To confirm the existence of a link between PMNL shear-responses and membrane fluidity, a regression analysis was conducted between the membrane fluidity measurements and PRR values obtained from all experiments with cholesterol-treated cells. For PMNL populations pretreated with 0–10 μg/ml cholesterol:MβCD, shear-response index PRR highly correlated (R2 = 0.96; P < 0.0001) with membrane fluidity in a linear fashion (Fig. 4C).

Hypercholesterolemia alters shear-induced PMNL deactivation.

LDLr−/− mice placed on HFD, compared with their ND counterparts, exhibited significantly (P < 0.05) elevated blood plasma concentrations of total cholesterol (Fig. 5A) that were due to increases in both unesterified (Fig. 5B) and esterified (Fig. 5C) forms after 2, 4, and 8 wk of the HFD diet. Notably, after only 2 wk, the HFD group exhibited approximately fourfold higher serum unesterified and esterified cholesterol concentrations than those in the ND group. Moreover, as HFD progressed for up to 8 wk, plasma concentrations of total, esterified, and unesterified cholesterol rose in a time-dependent fashion. In blood from ND animals, concentrations of unesterified cholesterol remained constant throughout the 8-wk duration of the study despite time-dependent increases in esterified and total cholesterol levels.

Fig. 5.

High-fat diet (HFD) differentially affects levels of cholesterol components in plasma of low-density lipoprotein receptor-deficient (LDLr−/−) mice. A–C: concentrations of total (A), unesterified (B), or esterified (C) cholesterol in serum of LDLr−/− mice fed either a normal (ND; □) or a fat-supplemented diet (HFD; ○) for 2, 4, and 8 wk. n ≥ 4. £,‡,€P < 0.05 compared with the total, unesterified, or esterified cholesterol concentrations of animals on ND at each diet duration, respectively; #,¶P < 0.02 compared with total or esterified cholesterol concentrations of 2-wk ND animals, respectively; *,§,+P < 0.02 compared with the total, unesterified, or esterified cholesterol levels of 2-wk HFD animals, respectively.

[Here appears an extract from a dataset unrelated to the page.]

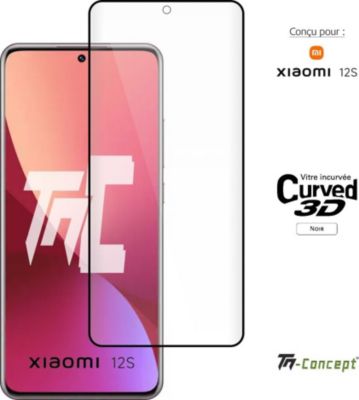 Protège écran TM CONCEPT Verre trempé 3D pour Xiaomi 12S - Noir Protège écran TM CONCEPT Verre trempé 3D pour Xiaomi 12S - Noir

Under static conditions, similar levels of PMNL activity were observed in the whole blood harvested from ND mice throughout the 8-wk course of our study (Fig. 6A). Although there was a gradual rise in the numbers of activated PMNLs in blood of ND mice after 4 and 8 wk, these were not significantly different compared with numbers of activated PMNLs in blood of similar animals after 2 wk of ND. On the other hand, whereas HFD mice had PMNL activity levels similar to those of their ND counterparts after 2 wk of high saturated fat feeding, their activated PMNL counts were significantly (P < 0.02) elevated (by over 2-fold) after 4 wk (Fig. 6A). Interestingly, after 8 wk, PMNL activity of HFD mice decreased to the levels that were similar to the levels of 2-wk HFD mice but was significantly (P < 0.05) lower than those of 8-wk ND mice.

Fig. 6.

PMNLs from LDLr−/− mice on HFD exhibit altered shear-responses. A: PMNL activity levels (%) were assessed for blood drawn from LDLr−/− mice fed either a normal (ND; □) or a saturated-fat diet (HFD; ○) for 2, 4, and 8 wk. #P < 0.05 compared with PMNL activity levels of ND mice at each diet duration; *P < 0.02 compared with PMNL activity levels of 2-wk HFD mice. B: shear-induced pseudopod retraction responses (PRR; %) were determined for PMNLs of LDLr−/− mice fed either a normal (ND; ■) or a high-fat diet (HFD; □) for up to 8 wk after exposure to 5 dyn/cm2 for 10 min. ‡P < 0.05 compared with the shear-responses of PMNLs from animals on ND at each diet duration; +P < 0.02 compared with the shear-responses of PMNLs from 2-wk HFD mice. n ≥ 4 (≥20 PMNLs analyzed for each sample).

In terms of mechanosensitivity to fluid flow, PMNLs from LDLr−/− mice under ND conditions for all diet durations tested (i.e., 2, 4, and 8 wk) were deactivated by shear stress exposure (Fig. 6B). In the case of HFD animals, the PMNL shear-response was altered (Fig. 6B). Specifically, PMNLs from blood of LDLr−/− mice on HFD for 2 wk exhibited significantly (P < 0.05) reduced shear-response indices compared with cells from animals on ND at this interval. After 4 wk, the PMNL shear-response by LDLr−/− HFD mice was completely abolished; in fact, a large number of PMNLs from three out of eight HFD animals were activated by shear exposure. Finally, after another 4 wk of HFD (i.e., 8-wk HFD animals), PMNL shear-responses were completely reversed as reflected by negative PRR indices. In this case, fluid shear stress appeared to stimulate PMNLs to project pseudopods relative to unsheared cells from the same animal.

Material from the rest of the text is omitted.